All tools are served from one MCP server, but are exposed on different SSE paths and have different server_labels:

/clari/sse (server_label: clari)

/salesforce/sse (server_label: salesforce)

/hubspot/sse (server_label: hubspot)

Request setup

  • If I provide only one SSE path and its tools in the request, the tools for that server_label are listed and streamed correctly — all expected events (in_progress, completed, and done) are emitted.

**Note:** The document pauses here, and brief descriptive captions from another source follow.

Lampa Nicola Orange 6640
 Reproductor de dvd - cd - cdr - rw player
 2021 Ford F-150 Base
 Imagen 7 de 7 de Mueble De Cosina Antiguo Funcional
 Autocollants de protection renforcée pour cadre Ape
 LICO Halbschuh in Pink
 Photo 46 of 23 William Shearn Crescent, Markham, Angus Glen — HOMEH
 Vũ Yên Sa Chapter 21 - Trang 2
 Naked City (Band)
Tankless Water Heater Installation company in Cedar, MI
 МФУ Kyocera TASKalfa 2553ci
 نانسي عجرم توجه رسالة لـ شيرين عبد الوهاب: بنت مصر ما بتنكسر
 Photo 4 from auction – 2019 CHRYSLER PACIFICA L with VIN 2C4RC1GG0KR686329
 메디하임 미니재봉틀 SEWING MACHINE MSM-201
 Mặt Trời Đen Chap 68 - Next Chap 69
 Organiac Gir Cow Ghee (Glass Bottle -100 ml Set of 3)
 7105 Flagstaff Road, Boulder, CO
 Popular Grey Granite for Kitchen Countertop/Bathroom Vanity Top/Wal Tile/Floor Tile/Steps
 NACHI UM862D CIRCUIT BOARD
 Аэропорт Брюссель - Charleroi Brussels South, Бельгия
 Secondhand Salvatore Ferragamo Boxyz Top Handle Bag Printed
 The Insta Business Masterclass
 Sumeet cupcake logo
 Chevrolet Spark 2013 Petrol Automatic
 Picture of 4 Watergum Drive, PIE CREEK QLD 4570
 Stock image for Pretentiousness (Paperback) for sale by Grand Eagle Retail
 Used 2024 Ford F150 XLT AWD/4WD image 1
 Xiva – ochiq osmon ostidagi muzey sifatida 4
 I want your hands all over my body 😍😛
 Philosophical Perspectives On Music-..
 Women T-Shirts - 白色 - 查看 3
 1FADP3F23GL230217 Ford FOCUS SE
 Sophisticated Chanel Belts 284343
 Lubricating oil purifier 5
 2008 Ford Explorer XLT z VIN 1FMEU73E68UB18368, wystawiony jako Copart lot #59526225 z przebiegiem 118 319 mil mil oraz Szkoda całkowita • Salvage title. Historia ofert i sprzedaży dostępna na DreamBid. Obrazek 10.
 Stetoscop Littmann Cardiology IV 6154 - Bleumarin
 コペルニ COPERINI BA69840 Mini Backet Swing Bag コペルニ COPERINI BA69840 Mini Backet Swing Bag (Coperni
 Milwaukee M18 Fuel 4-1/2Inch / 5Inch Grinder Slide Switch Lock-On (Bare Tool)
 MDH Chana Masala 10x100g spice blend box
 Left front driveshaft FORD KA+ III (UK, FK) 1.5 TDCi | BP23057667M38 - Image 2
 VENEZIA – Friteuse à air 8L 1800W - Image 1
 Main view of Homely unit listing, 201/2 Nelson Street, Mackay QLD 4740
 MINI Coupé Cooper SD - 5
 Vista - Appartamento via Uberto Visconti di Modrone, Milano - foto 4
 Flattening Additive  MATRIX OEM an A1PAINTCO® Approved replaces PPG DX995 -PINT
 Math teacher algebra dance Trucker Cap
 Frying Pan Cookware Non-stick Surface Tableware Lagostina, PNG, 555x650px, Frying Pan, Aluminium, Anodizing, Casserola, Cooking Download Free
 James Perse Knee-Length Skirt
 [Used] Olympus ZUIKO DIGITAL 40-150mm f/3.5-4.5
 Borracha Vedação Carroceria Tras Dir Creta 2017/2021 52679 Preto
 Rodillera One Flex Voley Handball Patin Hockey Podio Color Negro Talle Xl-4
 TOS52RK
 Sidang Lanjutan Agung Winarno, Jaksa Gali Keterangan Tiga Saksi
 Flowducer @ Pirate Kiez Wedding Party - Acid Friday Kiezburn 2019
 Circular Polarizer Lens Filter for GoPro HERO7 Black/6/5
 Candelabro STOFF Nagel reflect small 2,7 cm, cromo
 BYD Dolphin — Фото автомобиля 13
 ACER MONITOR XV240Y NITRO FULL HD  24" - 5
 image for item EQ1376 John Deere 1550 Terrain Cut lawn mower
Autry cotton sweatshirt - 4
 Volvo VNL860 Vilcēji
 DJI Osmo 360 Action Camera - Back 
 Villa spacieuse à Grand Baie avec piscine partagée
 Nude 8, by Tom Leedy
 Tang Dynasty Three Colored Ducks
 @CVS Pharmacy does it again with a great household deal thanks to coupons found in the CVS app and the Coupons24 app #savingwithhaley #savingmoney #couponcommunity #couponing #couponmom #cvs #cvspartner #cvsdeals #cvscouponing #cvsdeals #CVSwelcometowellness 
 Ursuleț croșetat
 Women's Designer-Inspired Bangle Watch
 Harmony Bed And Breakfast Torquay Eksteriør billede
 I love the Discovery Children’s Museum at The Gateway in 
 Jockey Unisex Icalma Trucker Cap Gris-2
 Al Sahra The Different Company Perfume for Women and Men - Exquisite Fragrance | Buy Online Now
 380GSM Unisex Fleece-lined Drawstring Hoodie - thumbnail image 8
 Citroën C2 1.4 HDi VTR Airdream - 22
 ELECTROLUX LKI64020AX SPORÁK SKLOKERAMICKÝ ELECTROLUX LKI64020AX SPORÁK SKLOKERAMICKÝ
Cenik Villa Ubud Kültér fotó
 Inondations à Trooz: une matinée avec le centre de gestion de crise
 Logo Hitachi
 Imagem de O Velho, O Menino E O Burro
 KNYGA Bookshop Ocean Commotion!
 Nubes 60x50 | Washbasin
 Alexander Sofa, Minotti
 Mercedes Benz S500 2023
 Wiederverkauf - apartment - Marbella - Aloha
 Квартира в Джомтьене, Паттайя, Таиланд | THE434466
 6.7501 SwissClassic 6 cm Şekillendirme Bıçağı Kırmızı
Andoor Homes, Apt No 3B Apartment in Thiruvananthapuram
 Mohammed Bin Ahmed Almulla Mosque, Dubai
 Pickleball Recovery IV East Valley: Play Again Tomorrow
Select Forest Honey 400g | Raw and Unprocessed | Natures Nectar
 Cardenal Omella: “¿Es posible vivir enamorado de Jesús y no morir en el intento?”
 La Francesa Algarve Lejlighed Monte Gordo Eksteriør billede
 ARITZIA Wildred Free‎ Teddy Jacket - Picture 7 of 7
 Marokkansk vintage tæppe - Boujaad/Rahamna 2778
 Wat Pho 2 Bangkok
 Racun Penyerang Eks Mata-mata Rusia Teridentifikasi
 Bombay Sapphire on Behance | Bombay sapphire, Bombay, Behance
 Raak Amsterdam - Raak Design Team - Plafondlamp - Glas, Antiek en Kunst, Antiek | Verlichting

  • If I provide multiple SSE paths and its tools in the same request, and the model uses MCP tools from more than one server_label, then the problem occurs: only one response.output_item.done is emitted.

Expected behavior
If the model uses tools from more than one server_label in a single request, the streaming output should include for each label:

  • response.mcp_list_tools.in_progress

  • response.mcp_list_tools.completed

  • response.output_item.done

Actual behavior
I do get in_progress and completed events for all server_labels,
but I only receive one response.output_item.done event — usually for one of the labels.

# Hubspot tools

{"type": "response.mcp_list_tools.in_progress", "server_label": "hubspot"}

{"type": "response.mcp_list_tools.completed", "server_label": "hubspot"}

# Salesforce tools

{"type": "response.mcp_list_tools.in_progress", "server_label": "salesforce"} {"type": "response.mcp_list_tools.completed", "server_label": "salesforce"}

# Only one 'done' emitted (Salesforce)

{"type": "response.output_item.done", "server_label": "salesforce"}

Questions:

  1. Is this the intended behavior of the Responses API when multiple MCP server_labels are used in a single request?

  2. If not, could this be a bug in how response.output_item.done is emitted?